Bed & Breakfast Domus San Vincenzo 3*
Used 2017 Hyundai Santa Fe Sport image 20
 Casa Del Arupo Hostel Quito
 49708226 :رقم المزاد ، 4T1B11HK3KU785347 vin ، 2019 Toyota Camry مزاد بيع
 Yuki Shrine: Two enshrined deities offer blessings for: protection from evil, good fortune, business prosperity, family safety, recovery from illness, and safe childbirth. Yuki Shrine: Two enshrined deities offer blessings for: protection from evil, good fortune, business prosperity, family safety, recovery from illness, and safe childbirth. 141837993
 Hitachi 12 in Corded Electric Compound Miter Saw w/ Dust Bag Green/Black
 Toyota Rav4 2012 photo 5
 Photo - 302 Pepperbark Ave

----------------------------------------

Task directions:
Start at the line containing "Used 2017 Hyundai Santa Fe Sport image 20" and transcribe through the end of the entries. Please keep both ends and add nothing.

Output:
Used 2017 Hyundai Santa Fe Sport image 20
 Casa Del Arupo Hostel Quito
 49708226 :رقم المزاد ، 4T1B11HK3KU785347 vin ، 2019 Toyota Camry مزاد بيع
 Yuki Shrine: Two enshrined deities offer blessings for: protection from evil, good fortune, business prosperity, family safety, recovery from illness, and safe childbirth. Yuki Shrine: Two enshrined deities offer blessings for: protection from evil, good fortune, business prosperity, family safety, recovery from illness, and safe childbirth. 141837993
 Hitachi 12 in Corded Electric Compound Miter Saw w/ Dust Bag Green/Black
 Toyota Rav4 2012 photo 5
 Photo - 302 Pepperbark Ave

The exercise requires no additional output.